Properties of rings in groups, let (R, +, ×) be a ring. Since (R, +) is a group, all the group properties for addition hold in R. (real number)
The unique identity of the additive group is called the zero element of the ring, and we denote it by 0. Thus, a + 0 = 0 + a = a for every a ∈ R (a. is a part of real number).
We denote the unique additive inverse of an element a by – a and write as a + (-a) = a -a = 0 and a + (-b)= a – b. We note that the properties of the additive inverse and the zero element give us the cancellation law.
If a + b = a + c, b = c, a unique solution x = b – a, of the equation a + x = b and the rule – (- a) = a, if n ∈ Z and n > 0.
Furthermore,
we define n×a = a + a + a +……..a(n term).

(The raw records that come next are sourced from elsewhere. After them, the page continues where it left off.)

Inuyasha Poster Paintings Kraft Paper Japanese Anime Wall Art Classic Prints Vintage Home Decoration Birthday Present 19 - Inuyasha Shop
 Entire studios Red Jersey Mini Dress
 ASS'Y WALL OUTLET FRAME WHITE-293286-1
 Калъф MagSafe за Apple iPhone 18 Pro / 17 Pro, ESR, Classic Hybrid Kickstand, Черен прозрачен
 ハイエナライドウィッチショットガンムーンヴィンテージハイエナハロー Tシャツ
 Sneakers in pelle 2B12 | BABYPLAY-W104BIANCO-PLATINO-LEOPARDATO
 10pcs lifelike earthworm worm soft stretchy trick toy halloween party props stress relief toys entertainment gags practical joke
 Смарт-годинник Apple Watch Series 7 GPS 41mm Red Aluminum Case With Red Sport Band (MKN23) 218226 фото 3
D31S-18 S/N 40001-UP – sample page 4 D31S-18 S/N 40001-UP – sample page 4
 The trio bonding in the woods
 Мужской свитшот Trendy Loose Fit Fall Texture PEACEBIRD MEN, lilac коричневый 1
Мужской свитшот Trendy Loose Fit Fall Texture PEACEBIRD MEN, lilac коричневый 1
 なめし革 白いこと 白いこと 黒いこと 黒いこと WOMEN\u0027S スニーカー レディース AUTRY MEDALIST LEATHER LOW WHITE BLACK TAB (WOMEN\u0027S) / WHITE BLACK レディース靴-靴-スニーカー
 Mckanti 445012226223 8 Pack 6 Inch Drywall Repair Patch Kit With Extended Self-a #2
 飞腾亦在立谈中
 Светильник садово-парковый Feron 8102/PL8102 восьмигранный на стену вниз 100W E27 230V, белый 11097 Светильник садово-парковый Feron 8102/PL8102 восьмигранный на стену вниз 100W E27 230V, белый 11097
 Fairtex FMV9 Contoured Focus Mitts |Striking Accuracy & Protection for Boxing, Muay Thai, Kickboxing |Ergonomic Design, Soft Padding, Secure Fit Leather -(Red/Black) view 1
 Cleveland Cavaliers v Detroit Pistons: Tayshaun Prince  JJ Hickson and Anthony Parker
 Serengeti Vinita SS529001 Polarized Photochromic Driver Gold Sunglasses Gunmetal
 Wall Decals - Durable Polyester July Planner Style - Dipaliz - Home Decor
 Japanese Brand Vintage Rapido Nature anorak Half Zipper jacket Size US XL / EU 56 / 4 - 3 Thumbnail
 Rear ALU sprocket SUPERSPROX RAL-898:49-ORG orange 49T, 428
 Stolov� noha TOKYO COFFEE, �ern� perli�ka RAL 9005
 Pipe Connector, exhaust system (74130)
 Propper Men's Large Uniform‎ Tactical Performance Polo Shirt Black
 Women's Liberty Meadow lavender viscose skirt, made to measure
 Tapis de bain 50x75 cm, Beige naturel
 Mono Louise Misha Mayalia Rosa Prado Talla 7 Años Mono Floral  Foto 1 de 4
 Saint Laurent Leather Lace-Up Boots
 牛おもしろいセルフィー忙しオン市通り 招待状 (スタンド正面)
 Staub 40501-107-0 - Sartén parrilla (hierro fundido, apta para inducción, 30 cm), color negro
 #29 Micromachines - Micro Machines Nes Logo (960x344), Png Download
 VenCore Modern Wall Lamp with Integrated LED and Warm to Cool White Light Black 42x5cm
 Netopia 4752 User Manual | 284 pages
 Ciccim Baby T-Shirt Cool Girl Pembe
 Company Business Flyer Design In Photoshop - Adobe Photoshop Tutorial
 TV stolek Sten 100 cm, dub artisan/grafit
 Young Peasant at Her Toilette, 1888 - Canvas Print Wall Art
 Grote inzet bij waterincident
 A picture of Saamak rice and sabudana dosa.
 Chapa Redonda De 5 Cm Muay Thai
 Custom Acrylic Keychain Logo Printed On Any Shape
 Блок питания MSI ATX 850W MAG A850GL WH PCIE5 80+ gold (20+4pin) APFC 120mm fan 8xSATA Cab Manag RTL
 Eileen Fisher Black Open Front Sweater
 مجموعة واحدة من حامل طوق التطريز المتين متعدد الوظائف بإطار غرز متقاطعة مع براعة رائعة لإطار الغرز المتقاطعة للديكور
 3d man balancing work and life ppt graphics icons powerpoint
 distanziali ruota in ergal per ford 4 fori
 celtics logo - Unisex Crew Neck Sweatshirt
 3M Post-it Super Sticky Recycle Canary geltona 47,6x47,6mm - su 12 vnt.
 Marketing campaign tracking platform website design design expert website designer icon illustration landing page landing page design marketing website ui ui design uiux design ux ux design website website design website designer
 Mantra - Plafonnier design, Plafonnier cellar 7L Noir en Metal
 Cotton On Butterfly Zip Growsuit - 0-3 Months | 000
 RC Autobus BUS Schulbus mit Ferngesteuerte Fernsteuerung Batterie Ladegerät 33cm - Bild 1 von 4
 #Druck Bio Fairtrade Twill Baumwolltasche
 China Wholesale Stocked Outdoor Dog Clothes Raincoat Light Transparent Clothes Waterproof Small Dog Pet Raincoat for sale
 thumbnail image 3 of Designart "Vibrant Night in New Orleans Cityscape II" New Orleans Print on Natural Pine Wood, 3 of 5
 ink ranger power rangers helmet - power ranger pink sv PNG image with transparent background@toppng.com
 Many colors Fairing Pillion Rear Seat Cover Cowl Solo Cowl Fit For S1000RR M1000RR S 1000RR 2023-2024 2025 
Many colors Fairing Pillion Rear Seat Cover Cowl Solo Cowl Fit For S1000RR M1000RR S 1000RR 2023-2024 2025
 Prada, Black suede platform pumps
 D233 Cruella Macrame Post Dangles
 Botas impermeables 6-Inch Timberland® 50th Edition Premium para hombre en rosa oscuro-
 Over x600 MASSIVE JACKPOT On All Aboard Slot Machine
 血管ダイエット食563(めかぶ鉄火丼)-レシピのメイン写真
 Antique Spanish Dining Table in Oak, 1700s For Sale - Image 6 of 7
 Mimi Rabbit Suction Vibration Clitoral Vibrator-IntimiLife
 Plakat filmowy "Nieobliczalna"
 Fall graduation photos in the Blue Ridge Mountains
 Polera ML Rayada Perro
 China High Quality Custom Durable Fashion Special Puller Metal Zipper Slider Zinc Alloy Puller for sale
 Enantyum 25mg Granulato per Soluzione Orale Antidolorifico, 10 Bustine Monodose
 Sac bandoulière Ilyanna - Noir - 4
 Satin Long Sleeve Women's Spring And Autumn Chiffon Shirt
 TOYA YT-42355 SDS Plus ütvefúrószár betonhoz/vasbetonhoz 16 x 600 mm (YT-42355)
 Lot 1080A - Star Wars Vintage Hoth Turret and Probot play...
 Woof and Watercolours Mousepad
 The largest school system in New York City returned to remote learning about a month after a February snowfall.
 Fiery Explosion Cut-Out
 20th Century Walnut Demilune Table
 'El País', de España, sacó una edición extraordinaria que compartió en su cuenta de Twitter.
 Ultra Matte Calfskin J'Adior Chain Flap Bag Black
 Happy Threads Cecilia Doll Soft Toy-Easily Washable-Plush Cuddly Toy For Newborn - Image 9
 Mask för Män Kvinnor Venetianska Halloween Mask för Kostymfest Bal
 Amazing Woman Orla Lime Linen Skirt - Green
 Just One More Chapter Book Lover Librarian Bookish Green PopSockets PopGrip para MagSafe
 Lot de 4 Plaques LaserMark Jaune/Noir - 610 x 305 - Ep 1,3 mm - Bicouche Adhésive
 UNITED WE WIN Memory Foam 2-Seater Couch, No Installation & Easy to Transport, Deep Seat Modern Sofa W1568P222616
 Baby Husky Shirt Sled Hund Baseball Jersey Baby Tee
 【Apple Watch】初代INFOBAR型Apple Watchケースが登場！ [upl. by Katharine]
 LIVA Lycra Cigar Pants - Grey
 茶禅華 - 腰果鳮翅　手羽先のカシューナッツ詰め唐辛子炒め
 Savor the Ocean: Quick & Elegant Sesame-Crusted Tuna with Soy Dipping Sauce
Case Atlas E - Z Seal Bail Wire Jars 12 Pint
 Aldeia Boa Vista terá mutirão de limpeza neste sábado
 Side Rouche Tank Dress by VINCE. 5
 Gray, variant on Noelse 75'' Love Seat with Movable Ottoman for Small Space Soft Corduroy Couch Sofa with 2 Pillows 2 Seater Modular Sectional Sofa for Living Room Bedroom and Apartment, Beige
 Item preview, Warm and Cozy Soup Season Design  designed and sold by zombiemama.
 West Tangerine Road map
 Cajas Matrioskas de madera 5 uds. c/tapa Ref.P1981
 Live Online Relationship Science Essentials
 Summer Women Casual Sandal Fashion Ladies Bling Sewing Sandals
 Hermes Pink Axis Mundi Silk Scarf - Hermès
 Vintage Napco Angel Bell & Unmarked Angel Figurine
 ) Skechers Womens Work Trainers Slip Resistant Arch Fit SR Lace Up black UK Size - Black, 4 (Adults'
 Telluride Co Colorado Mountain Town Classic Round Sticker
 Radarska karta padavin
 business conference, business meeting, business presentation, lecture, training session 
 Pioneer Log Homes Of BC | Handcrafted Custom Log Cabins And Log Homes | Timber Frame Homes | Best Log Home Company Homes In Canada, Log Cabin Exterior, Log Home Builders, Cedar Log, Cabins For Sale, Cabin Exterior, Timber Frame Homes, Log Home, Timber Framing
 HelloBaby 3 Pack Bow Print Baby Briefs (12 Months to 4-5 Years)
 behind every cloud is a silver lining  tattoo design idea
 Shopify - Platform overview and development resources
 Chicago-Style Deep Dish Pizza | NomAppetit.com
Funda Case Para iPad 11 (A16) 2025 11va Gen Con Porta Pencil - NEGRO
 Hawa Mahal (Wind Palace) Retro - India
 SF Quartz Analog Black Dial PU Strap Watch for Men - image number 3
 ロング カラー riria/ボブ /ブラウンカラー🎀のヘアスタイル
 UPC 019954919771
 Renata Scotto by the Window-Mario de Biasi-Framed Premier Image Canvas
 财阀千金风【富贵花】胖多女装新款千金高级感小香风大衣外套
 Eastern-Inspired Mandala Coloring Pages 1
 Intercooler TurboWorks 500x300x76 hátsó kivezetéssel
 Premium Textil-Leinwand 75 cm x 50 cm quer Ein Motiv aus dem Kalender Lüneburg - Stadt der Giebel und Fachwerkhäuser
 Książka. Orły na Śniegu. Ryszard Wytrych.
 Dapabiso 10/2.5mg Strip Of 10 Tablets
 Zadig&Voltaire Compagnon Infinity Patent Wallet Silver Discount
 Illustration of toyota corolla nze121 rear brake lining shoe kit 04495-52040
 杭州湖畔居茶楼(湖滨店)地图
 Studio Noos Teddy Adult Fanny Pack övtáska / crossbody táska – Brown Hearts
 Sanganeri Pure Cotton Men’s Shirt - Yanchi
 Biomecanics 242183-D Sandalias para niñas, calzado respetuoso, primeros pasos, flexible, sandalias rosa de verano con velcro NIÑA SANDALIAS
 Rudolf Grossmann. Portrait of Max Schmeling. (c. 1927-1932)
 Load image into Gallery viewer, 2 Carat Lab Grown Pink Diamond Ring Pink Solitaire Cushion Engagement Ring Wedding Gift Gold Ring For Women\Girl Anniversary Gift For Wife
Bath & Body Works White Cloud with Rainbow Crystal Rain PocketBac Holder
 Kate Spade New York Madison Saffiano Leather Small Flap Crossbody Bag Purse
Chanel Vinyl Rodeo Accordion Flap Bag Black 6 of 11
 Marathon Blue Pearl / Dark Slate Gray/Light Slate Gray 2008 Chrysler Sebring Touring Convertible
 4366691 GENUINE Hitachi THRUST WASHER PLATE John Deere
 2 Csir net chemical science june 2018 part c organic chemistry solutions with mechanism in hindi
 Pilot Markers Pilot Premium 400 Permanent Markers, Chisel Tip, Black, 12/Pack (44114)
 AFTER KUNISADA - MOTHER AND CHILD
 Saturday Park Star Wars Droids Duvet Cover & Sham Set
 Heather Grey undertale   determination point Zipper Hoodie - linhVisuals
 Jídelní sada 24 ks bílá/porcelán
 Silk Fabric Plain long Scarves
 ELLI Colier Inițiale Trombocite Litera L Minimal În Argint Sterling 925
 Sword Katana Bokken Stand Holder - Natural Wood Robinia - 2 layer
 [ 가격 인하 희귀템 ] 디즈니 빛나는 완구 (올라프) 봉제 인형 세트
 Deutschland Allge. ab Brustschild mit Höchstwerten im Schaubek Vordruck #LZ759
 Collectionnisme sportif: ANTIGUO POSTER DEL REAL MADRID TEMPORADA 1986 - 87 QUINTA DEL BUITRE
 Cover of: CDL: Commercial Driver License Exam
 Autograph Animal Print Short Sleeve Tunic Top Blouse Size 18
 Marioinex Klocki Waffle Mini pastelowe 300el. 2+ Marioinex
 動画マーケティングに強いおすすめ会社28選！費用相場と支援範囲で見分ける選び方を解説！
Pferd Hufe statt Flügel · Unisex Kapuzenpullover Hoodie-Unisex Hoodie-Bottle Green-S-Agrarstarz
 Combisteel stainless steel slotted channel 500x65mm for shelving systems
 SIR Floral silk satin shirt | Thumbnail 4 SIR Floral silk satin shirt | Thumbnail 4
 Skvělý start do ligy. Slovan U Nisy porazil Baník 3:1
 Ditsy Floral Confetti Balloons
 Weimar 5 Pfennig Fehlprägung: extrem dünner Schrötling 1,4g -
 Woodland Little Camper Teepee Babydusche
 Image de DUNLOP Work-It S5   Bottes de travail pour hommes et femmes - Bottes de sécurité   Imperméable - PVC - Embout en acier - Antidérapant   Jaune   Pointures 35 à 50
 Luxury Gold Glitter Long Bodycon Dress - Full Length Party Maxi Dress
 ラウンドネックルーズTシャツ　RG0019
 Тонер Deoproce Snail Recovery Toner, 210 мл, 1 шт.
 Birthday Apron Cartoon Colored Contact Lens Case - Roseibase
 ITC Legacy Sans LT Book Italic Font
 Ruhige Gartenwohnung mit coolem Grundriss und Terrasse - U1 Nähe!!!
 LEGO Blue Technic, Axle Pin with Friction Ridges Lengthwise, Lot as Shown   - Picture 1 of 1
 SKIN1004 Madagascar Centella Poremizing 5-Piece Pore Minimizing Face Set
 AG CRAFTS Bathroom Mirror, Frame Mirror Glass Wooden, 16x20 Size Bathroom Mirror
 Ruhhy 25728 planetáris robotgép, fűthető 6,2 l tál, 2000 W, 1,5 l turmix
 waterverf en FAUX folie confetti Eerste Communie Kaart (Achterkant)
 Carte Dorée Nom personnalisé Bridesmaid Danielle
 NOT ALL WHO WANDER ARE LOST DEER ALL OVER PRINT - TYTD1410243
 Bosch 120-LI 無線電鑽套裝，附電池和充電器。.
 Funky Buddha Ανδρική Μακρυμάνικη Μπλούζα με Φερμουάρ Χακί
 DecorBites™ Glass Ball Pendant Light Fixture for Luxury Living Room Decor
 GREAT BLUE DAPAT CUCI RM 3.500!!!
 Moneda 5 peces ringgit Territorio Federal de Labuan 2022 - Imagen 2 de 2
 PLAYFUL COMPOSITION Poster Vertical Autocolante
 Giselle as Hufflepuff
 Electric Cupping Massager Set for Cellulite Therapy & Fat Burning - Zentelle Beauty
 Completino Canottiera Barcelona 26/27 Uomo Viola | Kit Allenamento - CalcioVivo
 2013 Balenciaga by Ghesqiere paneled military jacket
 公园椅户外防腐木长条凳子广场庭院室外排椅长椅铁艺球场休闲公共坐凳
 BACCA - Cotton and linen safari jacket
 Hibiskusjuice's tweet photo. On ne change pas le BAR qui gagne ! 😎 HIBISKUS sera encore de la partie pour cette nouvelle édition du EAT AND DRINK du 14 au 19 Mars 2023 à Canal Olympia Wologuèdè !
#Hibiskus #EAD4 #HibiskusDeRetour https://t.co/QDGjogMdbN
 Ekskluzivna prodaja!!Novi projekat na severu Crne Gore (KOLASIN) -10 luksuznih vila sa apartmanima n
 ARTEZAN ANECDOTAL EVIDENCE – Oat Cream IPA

If n< 0 we define n.a = (-a)+(-a)+(-a)…….(-a)(n terms). And if n = 0,
we define 0a = 0, Where 0 ∈ Z on the left side of the equation and 0 ∈ R on the right side.
The reader may note that n.a, is not to be considered As a product of n and a. in the ring, for the integer+ n may not be in the ring at all.
The equation 0×a = 0 holds also 0 ∈ R on both sides.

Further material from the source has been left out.